_What you will do_.
Starting at the line with "Like any medication, bicarbonate" and ending at the line with "Second, mantises have", print exactly the lines of the entries below. Pictures do not belong in the copy.

_Provided data_.

════════

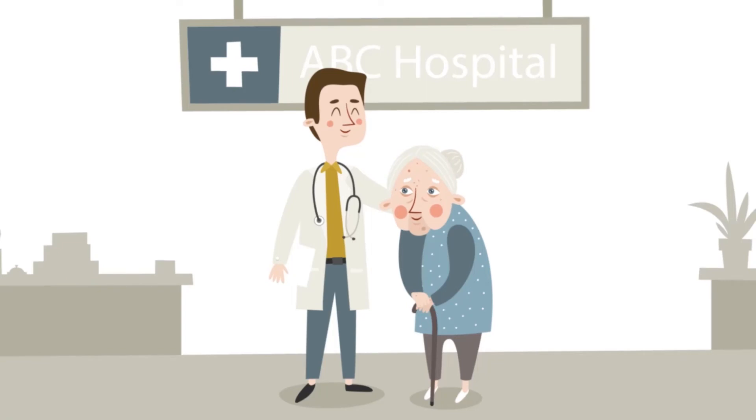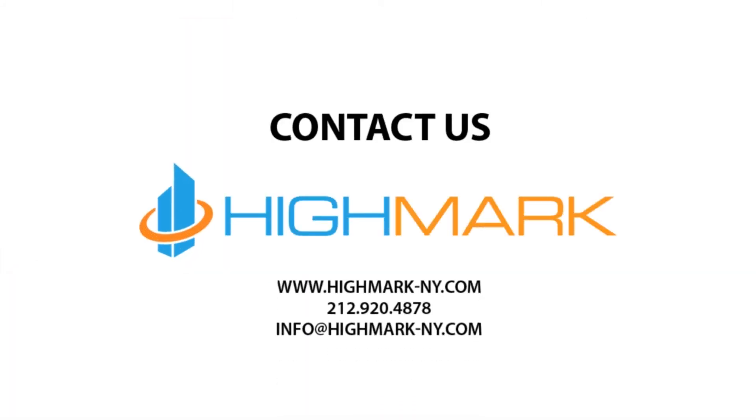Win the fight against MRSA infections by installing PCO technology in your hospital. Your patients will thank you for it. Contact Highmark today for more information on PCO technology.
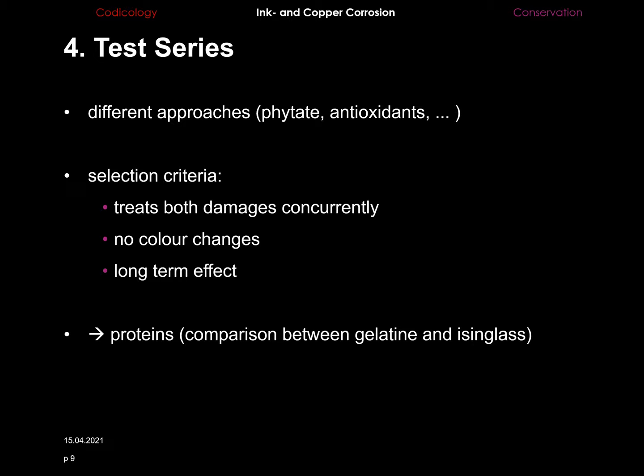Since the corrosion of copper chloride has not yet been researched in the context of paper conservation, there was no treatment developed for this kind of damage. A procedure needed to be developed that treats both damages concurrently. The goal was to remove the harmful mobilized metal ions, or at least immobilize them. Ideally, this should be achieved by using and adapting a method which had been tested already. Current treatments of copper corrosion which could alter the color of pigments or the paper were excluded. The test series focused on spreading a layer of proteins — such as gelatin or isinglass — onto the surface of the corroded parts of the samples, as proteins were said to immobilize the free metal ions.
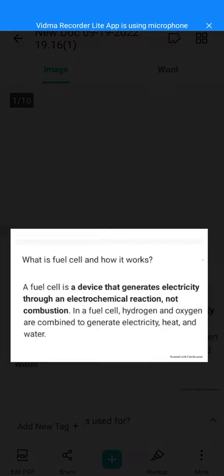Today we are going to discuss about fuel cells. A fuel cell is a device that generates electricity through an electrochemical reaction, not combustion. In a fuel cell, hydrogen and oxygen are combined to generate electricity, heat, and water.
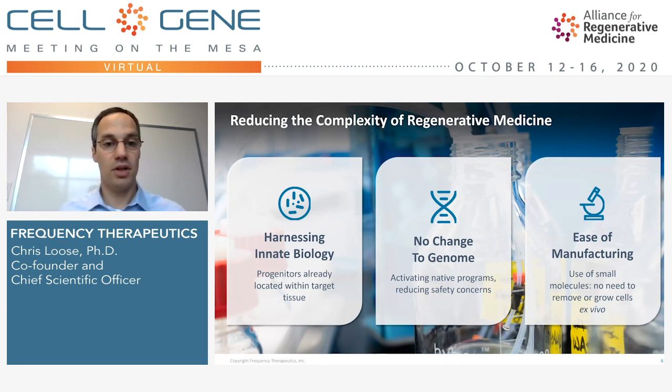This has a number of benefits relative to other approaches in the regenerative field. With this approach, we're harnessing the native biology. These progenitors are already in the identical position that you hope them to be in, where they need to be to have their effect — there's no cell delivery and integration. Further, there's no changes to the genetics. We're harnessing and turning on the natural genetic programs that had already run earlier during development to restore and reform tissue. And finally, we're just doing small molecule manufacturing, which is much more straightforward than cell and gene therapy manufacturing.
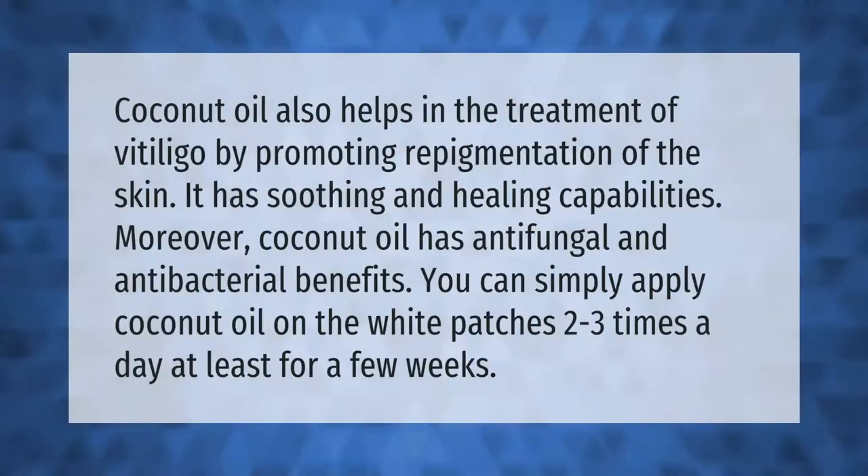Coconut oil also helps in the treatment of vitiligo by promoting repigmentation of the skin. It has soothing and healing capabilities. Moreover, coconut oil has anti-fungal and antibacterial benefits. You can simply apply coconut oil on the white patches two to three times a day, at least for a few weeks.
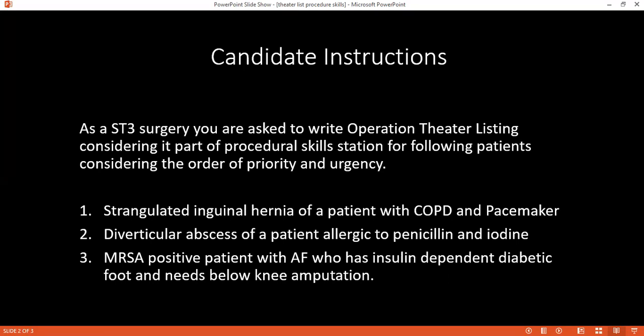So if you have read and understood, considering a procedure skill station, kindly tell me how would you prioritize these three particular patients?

════════

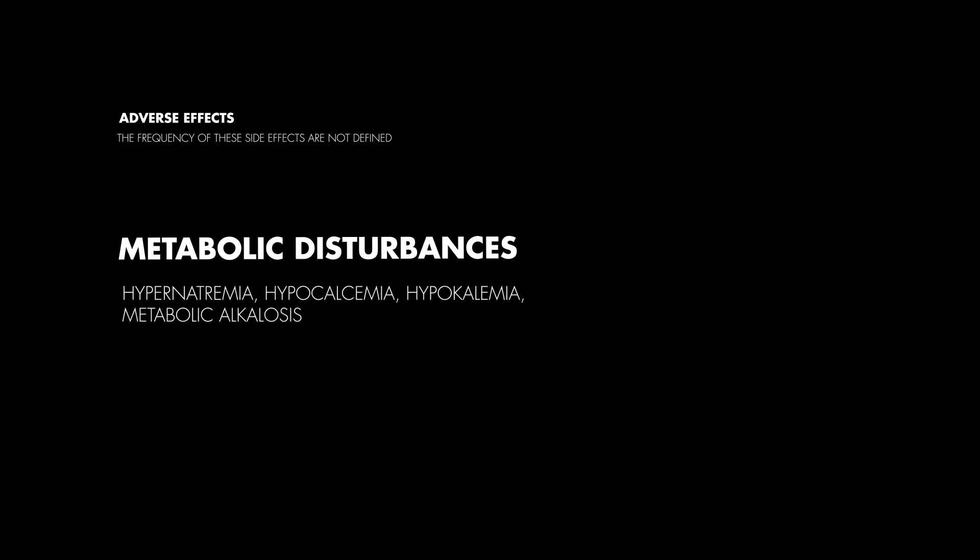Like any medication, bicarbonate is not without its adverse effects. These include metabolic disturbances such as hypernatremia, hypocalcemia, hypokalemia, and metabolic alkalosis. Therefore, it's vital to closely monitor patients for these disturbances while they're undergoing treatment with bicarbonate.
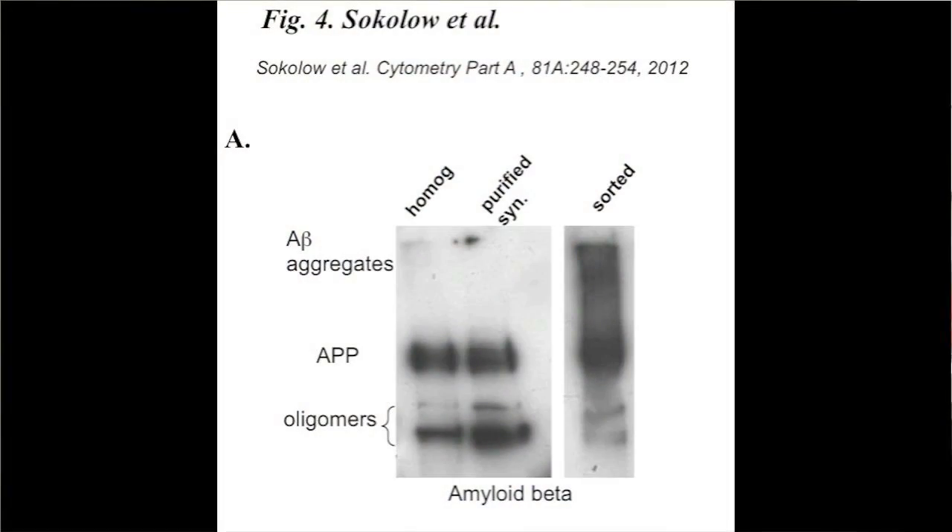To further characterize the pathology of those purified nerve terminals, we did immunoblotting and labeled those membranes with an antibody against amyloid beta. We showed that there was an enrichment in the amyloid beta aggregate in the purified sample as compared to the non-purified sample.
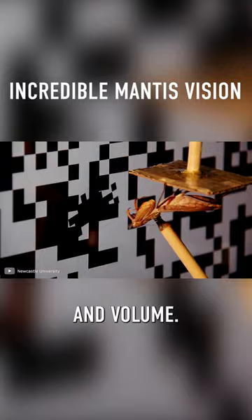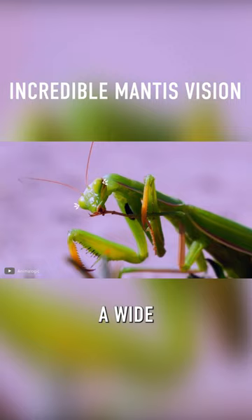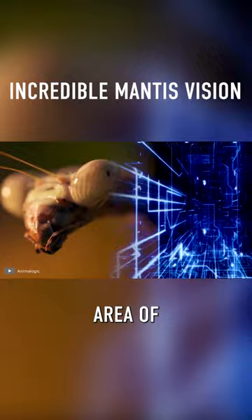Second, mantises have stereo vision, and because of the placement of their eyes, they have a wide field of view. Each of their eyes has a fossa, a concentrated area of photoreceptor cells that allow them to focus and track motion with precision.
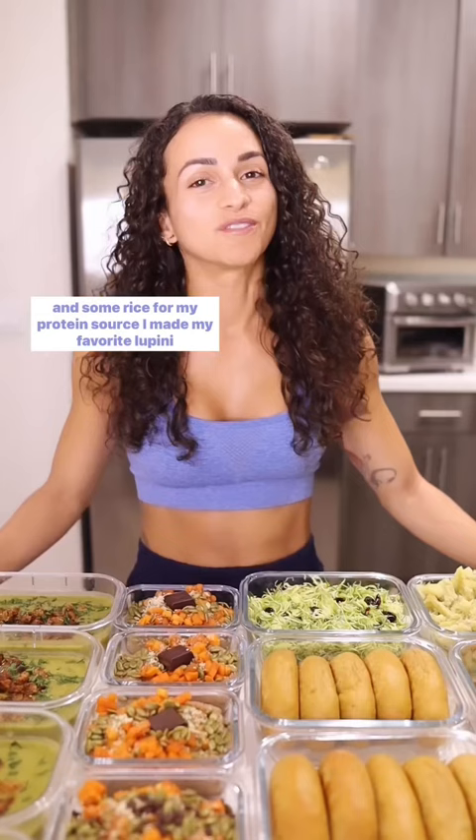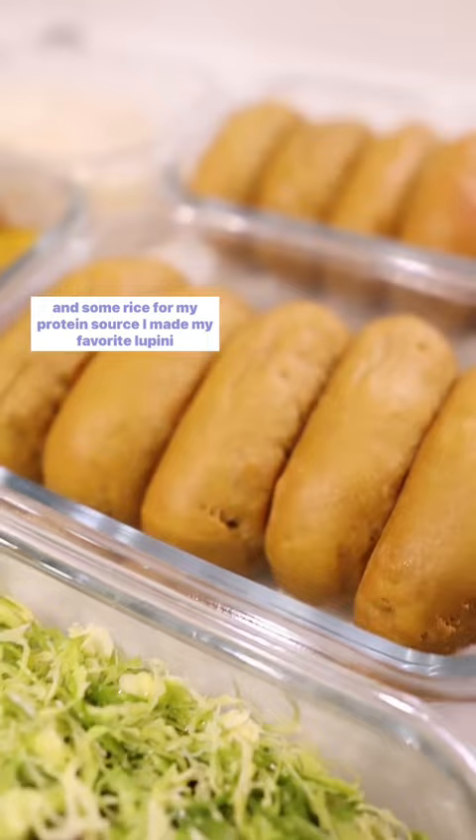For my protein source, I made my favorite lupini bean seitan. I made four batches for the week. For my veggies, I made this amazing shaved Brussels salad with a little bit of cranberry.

════════

_Reply_.
Like any medication, bicarbonate is not without its adverse effects. These include metabolic disturbances such as hypernatremia, hypocalcemia, hypokalemia, and metabolic alkalosis. Therefore, it's vital to closely monitor patients for these disturbances while they're undergoing treatment with bicarbonate.
To further characterize the pathology of those purified nerve terminals, we did immunoblotting and labeled those membranes with an antibody against amyloid beta. We showed that there was an enrichment in the amyloid beta aggregate in the purified sample as compared to the non-purified sample.
Second, mantises have stereo vision, and because of the placement of their eyes, they have a wide field of view. Each of their eyes has a fossa, a concentrated area of photoreceptor cells that allow them to focus and track motion with precision.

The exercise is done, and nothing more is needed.